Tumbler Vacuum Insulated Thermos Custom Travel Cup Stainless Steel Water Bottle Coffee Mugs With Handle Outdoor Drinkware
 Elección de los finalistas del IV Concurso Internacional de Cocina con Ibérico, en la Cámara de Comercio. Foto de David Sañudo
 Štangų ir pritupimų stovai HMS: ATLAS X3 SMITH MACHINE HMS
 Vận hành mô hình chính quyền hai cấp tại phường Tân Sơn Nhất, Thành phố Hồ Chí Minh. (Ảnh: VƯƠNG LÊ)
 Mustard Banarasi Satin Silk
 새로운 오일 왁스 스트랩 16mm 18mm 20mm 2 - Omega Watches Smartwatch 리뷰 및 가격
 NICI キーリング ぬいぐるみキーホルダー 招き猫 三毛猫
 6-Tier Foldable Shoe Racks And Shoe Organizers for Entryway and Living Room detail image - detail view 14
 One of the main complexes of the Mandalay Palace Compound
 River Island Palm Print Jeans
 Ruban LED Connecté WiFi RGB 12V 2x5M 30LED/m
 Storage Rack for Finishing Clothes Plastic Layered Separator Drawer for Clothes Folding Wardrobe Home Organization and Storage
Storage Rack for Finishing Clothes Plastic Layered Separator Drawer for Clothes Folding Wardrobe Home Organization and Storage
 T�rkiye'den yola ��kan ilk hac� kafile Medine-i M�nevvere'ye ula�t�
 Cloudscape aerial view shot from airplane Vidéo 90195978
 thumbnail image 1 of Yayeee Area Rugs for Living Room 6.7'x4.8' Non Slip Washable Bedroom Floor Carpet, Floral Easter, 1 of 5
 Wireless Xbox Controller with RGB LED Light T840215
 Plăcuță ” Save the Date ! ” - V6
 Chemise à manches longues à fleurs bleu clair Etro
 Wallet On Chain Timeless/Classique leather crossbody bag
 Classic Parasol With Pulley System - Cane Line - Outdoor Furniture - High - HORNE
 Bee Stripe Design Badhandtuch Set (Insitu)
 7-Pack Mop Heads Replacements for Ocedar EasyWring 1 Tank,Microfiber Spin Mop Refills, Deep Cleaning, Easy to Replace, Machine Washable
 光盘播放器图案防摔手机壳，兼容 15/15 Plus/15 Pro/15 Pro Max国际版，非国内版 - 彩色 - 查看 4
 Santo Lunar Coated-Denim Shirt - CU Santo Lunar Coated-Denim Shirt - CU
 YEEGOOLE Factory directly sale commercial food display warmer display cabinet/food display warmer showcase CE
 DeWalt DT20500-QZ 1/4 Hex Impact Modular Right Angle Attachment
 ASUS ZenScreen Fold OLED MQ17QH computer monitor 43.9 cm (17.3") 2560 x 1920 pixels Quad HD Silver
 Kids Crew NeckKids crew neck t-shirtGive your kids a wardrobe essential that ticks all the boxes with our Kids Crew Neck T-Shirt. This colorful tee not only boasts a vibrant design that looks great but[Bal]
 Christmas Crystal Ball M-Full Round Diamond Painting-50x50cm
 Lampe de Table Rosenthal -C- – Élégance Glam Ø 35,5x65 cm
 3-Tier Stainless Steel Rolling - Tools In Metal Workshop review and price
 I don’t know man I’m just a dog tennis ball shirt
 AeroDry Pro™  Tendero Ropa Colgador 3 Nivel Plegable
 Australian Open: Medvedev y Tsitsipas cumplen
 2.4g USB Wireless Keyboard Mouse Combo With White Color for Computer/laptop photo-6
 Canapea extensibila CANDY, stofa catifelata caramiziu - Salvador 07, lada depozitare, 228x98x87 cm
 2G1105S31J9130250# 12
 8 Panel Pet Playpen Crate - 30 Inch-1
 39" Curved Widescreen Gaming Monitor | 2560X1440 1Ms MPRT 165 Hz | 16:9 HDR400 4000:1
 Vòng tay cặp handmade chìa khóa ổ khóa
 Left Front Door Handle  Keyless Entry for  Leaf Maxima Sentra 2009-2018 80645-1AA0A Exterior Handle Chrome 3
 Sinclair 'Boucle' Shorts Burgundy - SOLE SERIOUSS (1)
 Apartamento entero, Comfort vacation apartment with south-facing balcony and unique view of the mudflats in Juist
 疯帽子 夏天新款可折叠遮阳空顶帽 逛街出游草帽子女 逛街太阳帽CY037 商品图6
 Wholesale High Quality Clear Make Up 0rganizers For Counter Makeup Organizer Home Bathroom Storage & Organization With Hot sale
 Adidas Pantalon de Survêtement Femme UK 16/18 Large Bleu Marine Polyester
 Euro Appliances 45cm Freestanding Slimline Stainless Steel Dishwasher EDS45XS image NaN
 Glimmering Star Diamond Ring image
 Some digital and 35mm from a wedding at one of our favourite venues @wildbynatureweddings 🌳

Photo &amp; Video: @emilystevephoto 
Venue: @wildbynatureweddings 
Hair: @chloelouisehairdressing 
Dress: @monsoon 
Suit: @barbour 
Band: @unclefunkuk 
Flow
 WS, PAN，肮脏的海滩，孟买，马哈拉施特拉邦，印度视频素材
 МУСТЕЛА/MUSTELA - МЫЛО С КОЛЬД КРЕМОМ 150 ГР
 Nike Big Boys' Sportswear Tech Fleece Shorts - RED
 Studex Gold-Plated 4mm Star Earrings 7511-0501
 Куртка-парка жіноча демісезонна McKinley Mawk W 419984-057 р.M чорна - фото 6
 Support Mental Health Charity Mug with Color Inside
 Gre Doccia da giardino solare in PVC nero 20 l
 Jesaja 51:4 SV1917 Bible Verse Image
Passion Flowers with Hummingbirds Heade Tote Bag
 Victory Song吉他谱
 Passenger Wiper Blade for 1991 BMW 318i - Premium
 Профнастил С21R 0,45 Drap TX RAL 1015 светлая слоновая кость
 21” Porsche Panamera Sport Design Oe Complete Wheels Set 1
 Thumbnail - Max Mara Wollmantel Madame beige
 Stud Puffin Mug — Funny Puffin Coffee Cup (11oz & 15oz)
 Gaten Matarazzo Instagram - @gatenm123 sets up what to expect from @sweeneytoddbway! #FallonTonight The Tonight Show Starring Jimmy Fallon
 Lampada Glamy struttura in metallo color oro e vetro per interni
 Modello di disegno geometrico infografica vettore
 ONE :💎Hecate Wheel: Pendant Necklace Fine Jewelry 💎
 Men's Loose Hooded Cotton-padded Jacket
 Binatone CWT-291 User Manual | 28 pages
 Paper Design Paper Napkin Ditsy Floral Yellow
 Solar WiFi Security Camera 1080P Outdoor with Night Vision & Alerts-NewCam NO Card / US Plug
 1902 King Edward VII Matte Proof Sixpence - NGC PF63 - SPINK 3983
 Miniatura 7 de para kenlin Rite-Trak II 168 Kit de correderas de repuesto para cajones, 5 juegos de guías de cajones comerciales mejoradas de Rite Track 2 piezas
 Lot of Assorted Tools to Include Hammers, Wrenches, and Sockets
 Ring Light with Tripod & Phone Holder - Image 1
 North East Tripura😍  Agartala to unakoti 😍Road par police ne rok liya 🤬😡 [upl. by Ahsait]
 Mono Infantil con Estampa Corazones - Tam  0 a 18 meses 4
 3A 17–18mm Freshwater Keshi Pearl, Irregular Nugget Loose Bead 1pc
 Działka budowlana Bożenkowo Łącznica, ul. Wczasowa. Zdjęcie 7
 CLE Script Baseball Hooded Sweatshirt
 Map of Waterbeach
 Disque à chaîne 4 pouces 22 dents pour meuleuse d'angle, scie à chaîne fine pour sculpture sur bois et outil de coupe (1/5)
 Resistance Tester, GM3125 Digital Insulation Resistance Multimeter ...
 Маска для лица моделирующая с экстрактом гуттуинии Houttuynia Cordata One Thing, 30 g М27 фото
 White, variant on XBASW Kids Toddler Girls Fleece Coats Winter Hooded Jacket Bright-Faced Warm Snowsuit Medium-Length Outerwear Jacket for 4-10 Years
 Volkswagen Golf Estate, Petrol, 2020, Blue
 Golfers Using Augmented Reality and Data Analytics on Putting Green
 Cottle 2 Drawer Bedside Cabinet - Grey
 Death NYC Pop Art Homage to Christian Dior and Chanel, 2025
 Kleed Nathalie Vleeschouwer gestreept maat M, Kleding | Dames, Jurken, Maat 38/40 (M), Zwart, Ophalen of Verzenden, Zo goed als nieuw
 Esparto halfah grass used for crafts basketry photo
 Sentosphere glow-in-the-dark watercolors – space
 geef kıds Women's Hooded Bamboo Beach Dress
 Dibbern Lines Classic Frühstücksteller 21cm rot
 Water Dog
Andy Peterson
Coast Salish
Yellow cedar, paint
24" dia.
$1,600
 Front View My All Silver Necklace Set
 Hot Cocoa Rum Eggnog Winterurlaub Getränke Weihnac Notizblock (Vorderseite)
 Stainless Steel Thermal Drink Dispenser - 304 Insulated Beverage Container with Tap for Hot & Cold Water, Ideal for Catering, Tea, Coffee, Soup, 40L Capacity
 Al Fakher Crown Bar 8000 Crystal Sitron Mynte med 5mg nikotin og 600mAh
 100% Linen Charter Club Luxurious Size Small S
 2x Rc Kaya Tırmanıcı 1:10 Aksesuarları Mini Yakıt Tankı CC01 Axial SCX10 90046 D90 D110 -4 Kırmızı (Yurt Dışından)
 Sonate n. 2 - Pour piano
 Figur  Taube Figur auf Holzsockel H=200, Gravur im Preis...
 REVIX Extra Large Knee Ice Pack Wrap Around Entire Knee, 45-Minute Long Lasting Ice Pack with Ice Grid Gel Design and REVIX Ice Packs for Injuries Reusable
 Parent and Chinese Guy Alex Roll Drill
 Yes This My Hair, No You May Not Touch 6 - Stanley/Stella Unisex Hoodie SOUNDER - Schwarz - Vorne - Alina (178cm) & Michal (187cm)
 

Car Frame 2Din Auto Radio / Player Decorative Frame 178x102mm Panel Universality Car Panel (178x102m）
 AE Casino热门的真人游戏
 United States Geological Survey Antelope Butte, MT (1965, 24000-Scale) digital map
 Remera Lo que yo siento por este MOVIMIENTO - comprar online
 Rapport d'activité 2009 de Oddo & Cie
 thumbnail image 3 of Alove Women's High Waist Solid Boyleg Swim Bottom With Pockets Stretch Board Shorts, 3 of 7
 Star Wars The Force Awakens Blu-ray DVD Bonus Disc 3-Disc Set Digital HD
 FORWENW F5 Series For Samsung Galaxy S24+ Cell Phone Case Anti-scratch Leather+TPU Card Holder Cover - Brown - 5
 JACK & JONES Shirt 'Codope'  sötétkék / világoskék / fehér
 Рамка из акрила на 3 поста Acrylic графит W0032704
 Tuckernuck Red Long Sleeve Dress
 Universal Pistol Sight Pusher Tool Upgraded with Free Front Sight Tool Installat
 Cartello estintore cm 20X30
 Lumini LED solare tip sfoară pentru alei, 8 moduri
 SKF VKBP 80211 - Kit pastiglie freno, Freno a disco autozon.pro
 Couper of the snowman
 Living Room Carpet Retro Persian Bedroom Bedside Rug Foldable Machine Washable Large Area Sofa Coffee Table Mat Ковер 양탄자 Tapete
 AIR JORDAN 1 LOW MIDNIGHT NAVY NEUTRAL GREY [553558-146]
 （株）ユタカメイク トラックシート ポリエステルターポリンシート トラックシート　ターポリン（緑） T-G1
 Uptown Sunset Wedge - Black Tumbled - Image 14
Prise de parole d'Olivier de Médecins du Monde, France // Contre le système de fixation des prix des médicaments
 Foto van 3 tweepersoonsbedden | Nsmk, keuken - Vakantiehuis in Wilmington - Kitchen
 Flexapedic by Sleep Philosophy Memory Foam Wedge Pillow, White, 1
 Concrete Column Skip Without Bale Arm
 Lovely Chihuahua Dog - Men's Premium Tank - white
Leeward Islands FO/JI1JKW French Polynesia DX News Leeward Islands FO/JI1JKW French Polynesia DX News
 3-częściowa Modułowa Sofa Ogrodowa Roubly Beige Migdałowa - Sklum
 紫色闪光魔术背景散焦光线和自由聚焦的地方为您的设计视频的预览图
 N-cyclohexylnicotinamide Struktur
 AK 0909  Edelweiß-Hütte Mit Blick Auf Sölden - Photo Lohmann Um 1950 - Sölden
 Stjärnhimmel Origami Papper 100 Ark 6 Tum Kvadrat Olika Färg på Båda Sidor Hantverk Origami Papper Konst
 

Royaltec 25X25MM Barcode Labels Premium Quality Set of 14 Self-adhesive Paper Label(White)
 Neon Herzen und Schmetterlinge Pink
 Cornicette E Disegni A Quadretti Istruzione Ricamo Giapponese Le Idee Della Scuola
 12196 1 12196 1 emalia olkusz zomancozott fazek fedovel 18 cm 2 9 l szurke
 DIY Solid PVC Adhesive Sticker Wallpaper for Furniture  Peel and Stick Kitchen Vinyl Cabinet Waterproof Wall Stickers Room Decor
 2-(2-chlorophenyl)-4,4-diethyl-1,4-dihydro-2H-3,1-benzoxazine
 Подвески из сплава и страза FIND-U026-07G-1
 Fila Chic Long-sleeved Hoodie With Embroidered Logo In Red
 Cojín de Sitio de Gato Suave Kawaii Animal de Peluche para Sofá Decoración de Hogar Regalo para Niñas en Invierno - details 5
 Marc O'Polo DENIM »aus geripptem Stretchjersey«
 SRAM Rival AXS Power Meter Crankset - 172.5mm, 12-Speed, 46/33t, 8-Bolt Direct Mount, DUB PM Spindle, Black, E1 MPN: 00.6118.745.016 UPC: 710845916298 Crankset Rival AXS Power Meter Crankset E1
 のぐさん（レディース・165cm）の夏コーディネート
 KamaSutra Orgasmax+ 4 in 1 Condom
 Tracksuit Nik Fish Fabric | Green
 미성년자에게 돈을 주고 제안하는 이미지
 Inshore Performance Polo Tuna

**How to complete this task**
Using the records above, copy word for word the line with "North East Tripura😍", the line with "Map of Waterbeach", and every line between them.

**Problem solution**
 North East Tripura😍  Agartala to unakoti 😍Road par police ne rok liya 🤬😡 [upl. by Ahsait]
 Mono Infantil con Estampa Corazones - Tam  0 a 18 meses 4
 3A 17–18mm Freshwater Keshi Pearl, Irregular Nugget Loose Bead 1pc
 Działka budowlana Bożenkowo Łącznica, ul. Wczasowa. Zdjęcie 7
 CLE Script Baseball Hooded Sweatshirt
 Map of Waterbeach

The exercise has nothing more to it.